In order to achieve the above object, a typical configuration of the present invention includes a developer carrying body that carries and rotates a developer and supplies the developer to the image carrying body, a foam layer on the surface, and the development described above. A developer supply member that rotates in contact with the developer carrier and supplies the developer to the developer carrier; a first gear for transmitting a driving force to the developer supply member; and the first gear possess a biasing member you urging the gear, wherein the the end of the rotating shaft of the developer supplying member is formed notch, the first gear fitted fittable with said notch A fitting hole is formed, and the biasing member is configured to drive the first gear with respect to the developer supply member without fitting the notch portion and the fitting hole when the developer carrier is initially driven. When the notch and the fitting hole are engaged with each other, the driving force is transmitted to the developer supply member from the first position where the developer is not transmitted. Characterized Rukoto move to the position.

  Since it has the said structure, the load concerning the developer supply member at the time of an initial stage drive can be suppressed.

1 is a schematic configuration diagram illustrating an example of an image forming apparatus according to an embodiment. FIG. 2 is a schematic configuration diagram of a developing device according to the present embodiment. The schematic block diagram of the supply roller and drive gear which concern on this embodiment. The schematic block diagram which shows the state of the drive part at the time of the initial stage which concerns on this embodiment. The schematic block diagram of the drive at the time of the initial stage which concerns on this embodiment. The schematic block diagram which shows the state of the drive part at the time of the fitting which concerns on this embodiment. The schematic block diagram of the drive at the time of the fitting which concerns on this embodiment. Explanatory drawing of the subject in the conventional toner supply part.

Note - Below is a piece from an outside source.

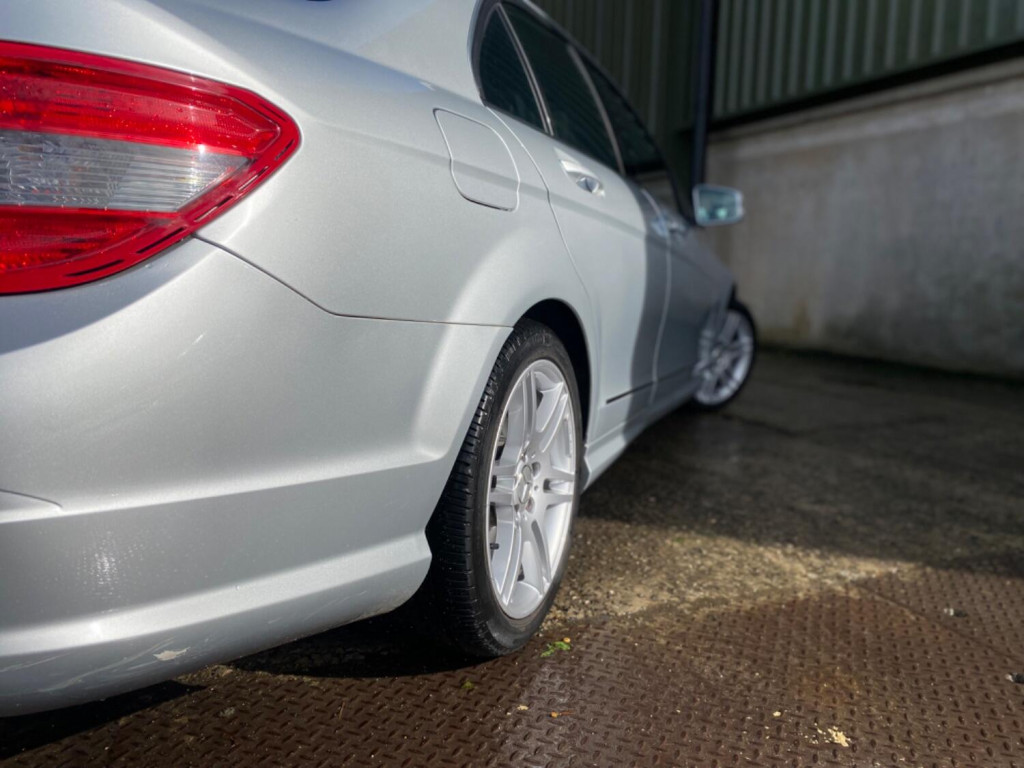 MERCEDES-BENZ C CLASS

  Embodiments of the present invention will be illustrated below with reference to the drawings. However, the dimensions, materials, shapes, and relative arrangements of the components described in this embodiment should be changed as appropriate according to the configuration of the apparatus to which the invention is applied and various conditions. Therefore, the scope of the present invention is not intended to be limited to the following embodiments.

(Image forming device)
The outline of the image forming apparatus will be described with reference to FIG. FIG. 1 is a schematic configuration diagram illustrating an example of an image forming apparatus according to the present embodiment.

  As shown in FIG. 1, the image forming apparatus includes a photosensitive drum 1 (image carrier). Around the photosensitive drum 1, process means such as a charging roller 2, an exposure device 3 and a developing device 5 (developing means) are disposed.

  With this configuration, the charging roller 2 charges the surface of the photosensitive drum 1 to a predetermined potential while the photosensitive drum 1 is rotating in the direction of arrow R1 in FIG. 1 at 100 mm / sec. In this state, the exposure device 3 reaches the exposure position A of the photosensitive drum 1 via the reflection mirror 4 in accordance with the image signal for each color. As a result, an electrostatic latent image by a laser beam is formed on the photosensitive drum 1 on the photosensitive drum 1.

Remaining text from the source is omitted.